## TASK TO CARRY OUT
Repeat the listing below verbatim, without its images.

## INPUT DATA

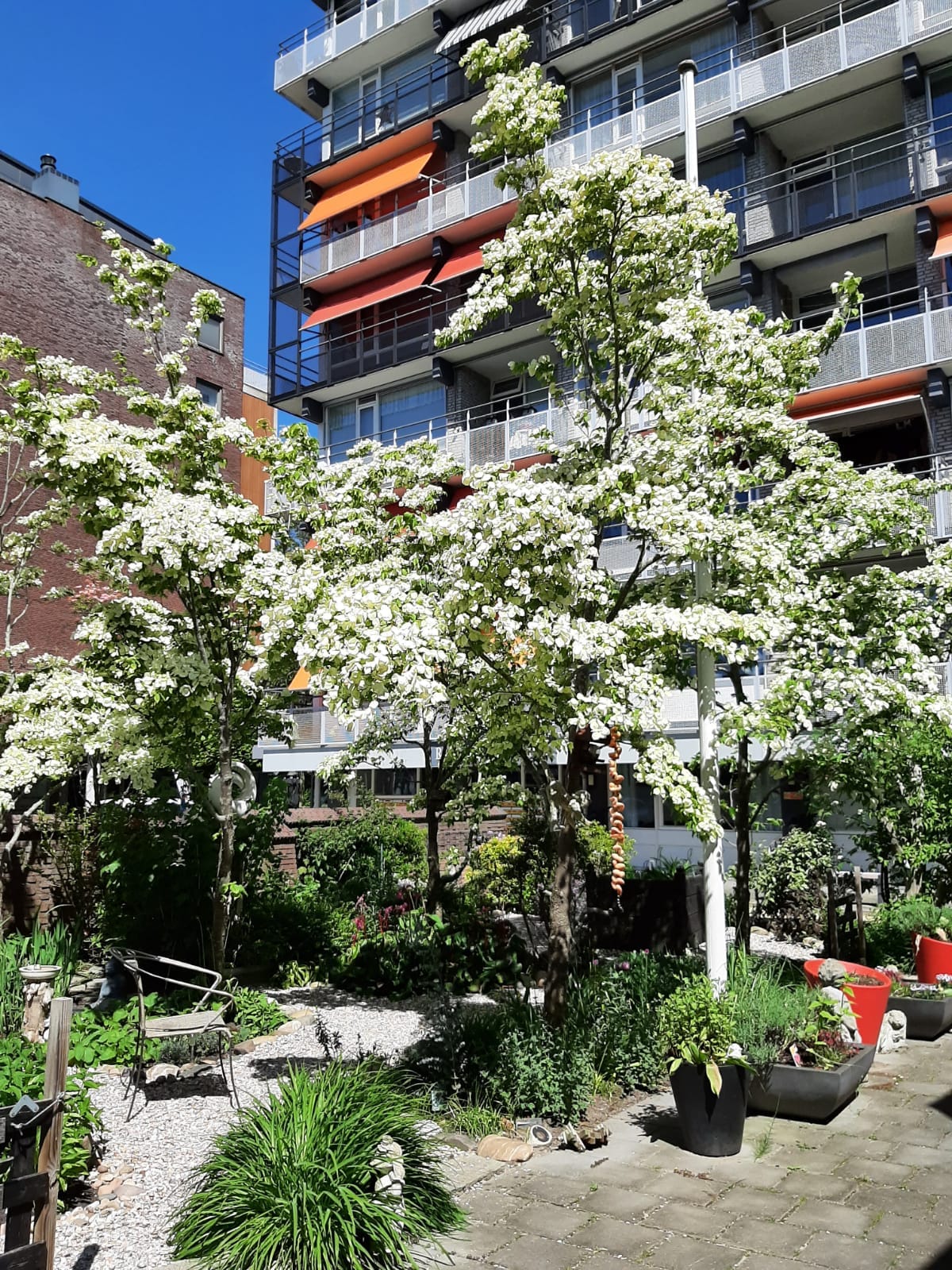 Featured image for “Prachtig weer, prachtige tuin”
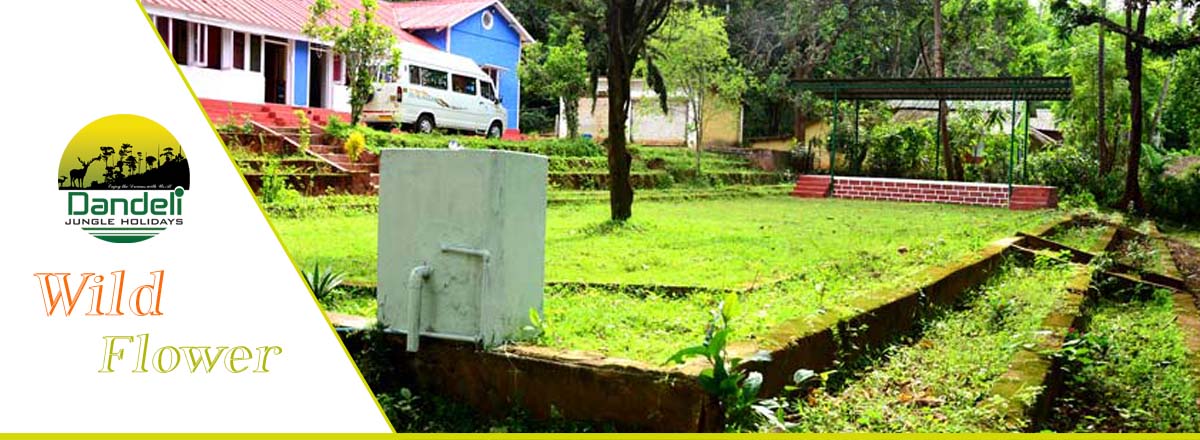 Wild Flower Home Stay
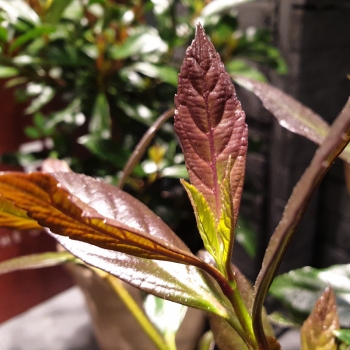 Viburnum - odoratissinum - Coppertop - Brant01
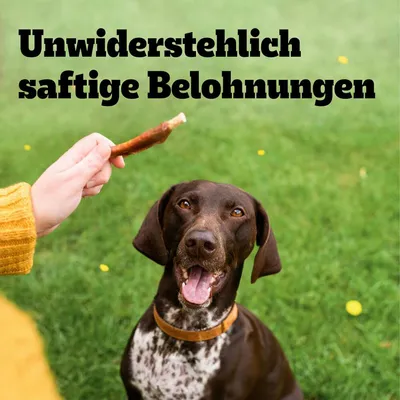 Texte en allemand : Unwiderstehlich saftige Belohnungen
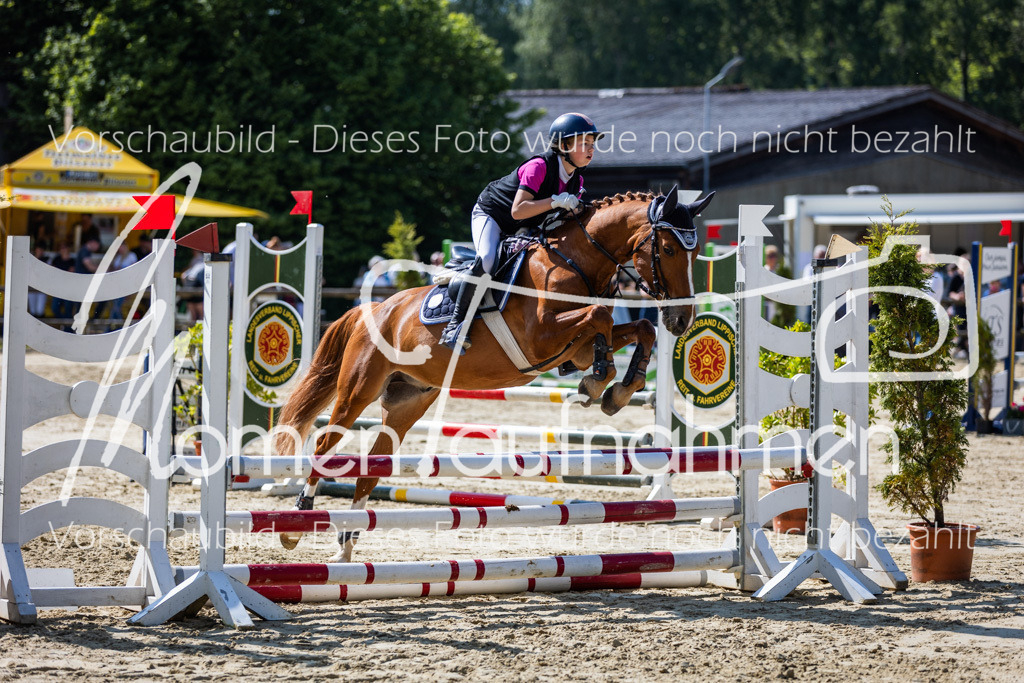 Donop24-ESpr-089 | MomenTaufnahmen Pferdesportfotos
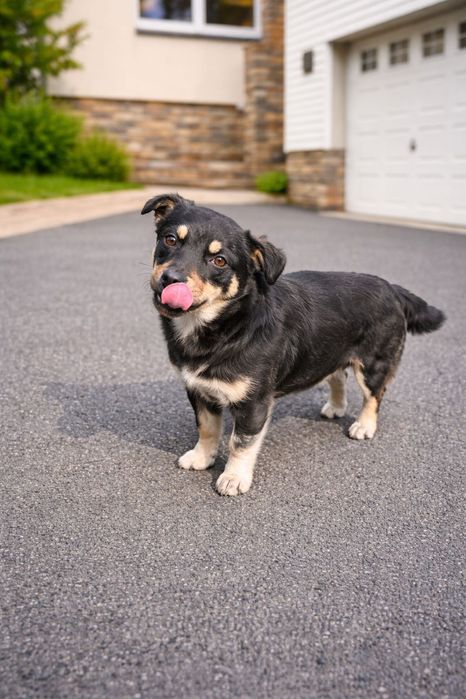 Собачки в добрі руки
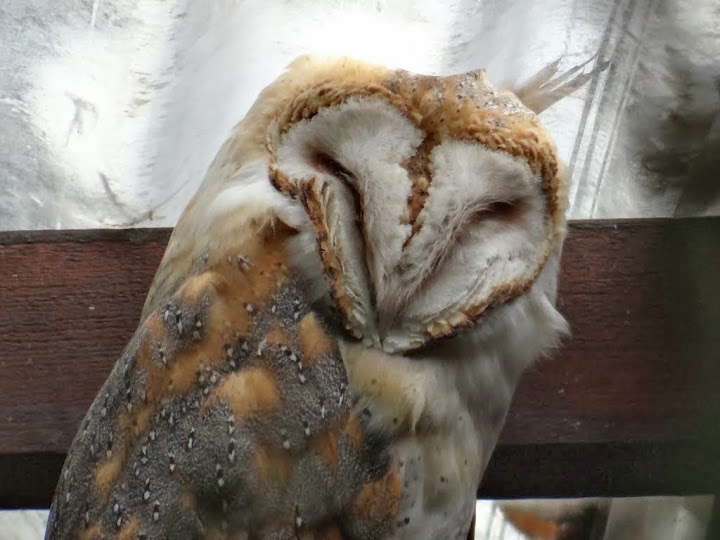 Tyto alba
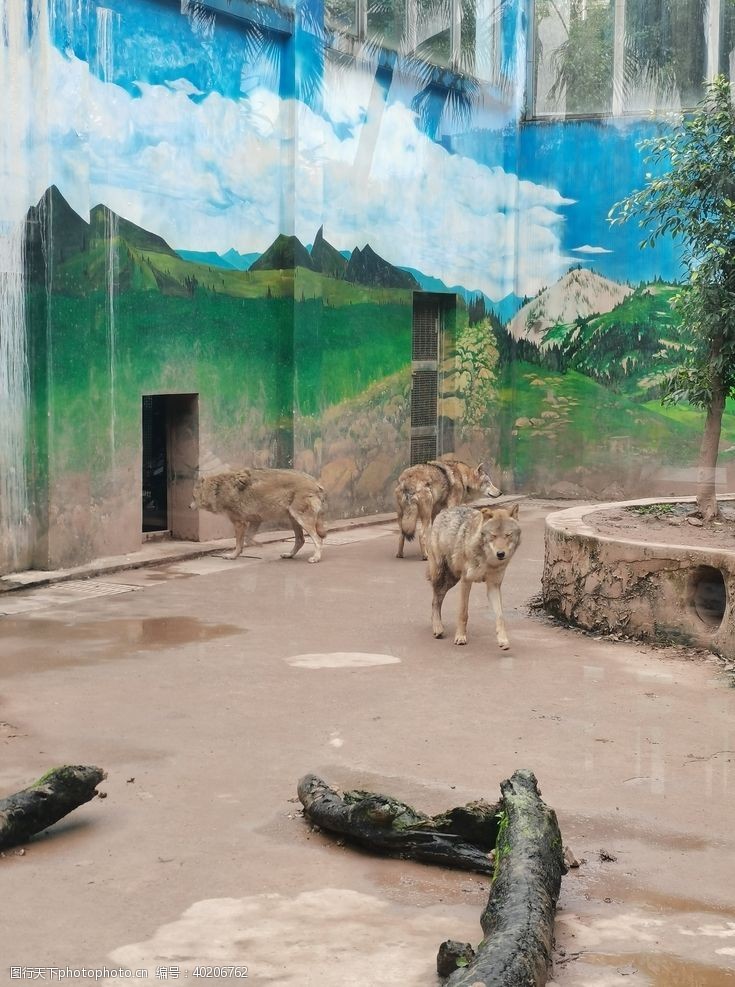 狼群动物园狼图片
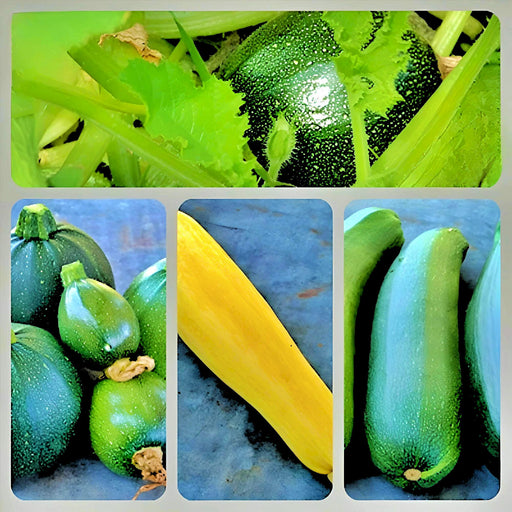 Zucchini Summer Squash, Seed Kit, - BoxGardenSeedsLLC -Squash,Pumpkins - Seeds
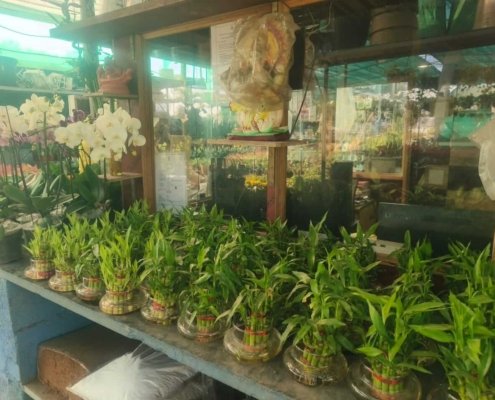 Gallery (11)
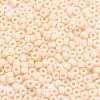 MIYUKI Round Rocailles Beads SEED-JP0009-RR2022-4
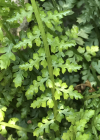 Einzelbild 7 Quell-Streifenfarn - Asplenium fontanum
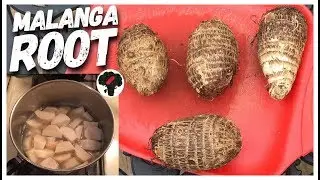 How To Cook Malanga Root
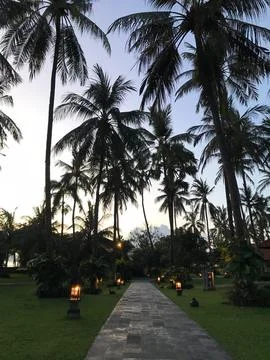 Evening view of a resort Stock Photos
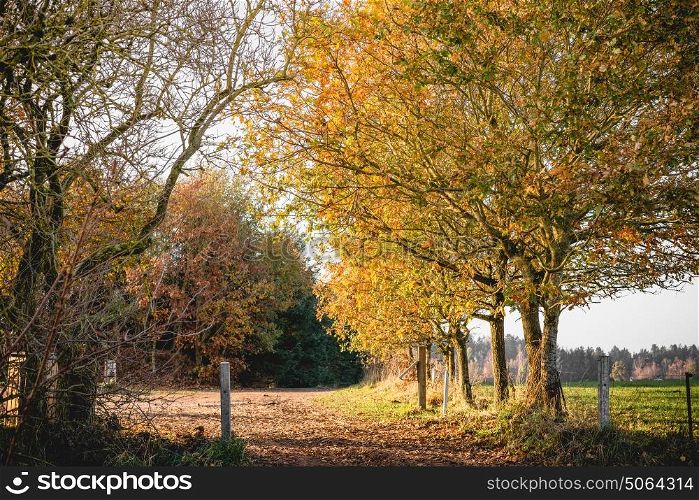 Autumn landscape in a countryside scenery with golden leaves on the trees in the fall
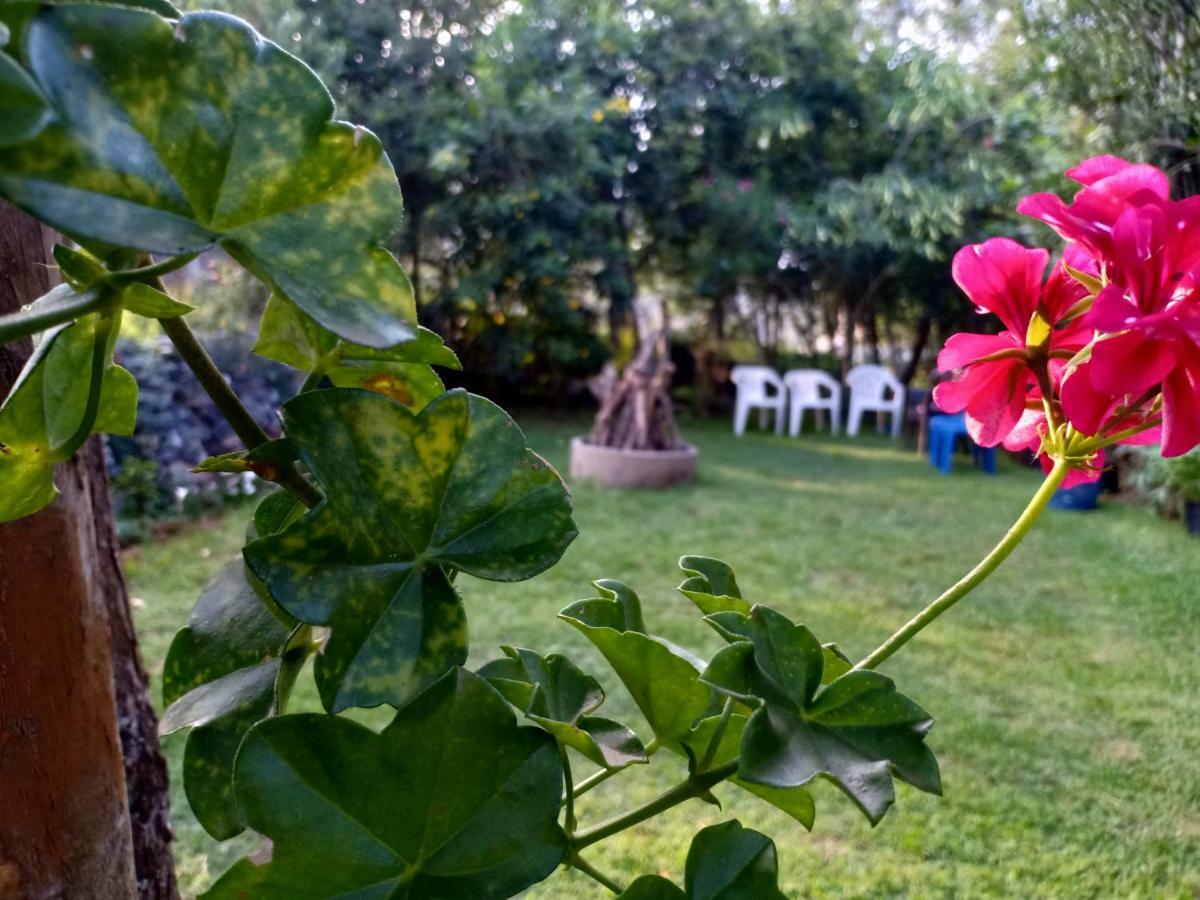 Pear Tree Inn Villa Kotagiri Kültér fotó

## ANSWER TO THE PROBLEM
 Featured image for “Prachtig weer, prachtige tuin”
 Wild Flower Home Stay
 Viburnum - odoratissinum - Coppertop - Brant01
 Texte en allemand : Unwiderstehlich saftige Belohnungen
 Donop24-ESpr-089 | MomenTaufnahmen Pferdesportfotos
 Собачки в добрі руки
 Tyto alba
 狼群动物园狼图片
 Zucchini Summer Squash, Seed Kit, - BoxGardenSeedsLLC -Squash,Pumpkins - Seeds
 Gallery (11)
 MIYUKI Round Rocailles Beads SEED-JP0009-RR2022-4
 Einzelbild 7 Quell-Streifenfarn - Asplenium fontanum
 How To Cook Malanga Root
 Evening view of a resort Stock Photos
 Autumn landscape in a countryside scenery with golden leaves on the trees in the fall
 Pear Tree Inn Villa Kotagiri Kültér fotó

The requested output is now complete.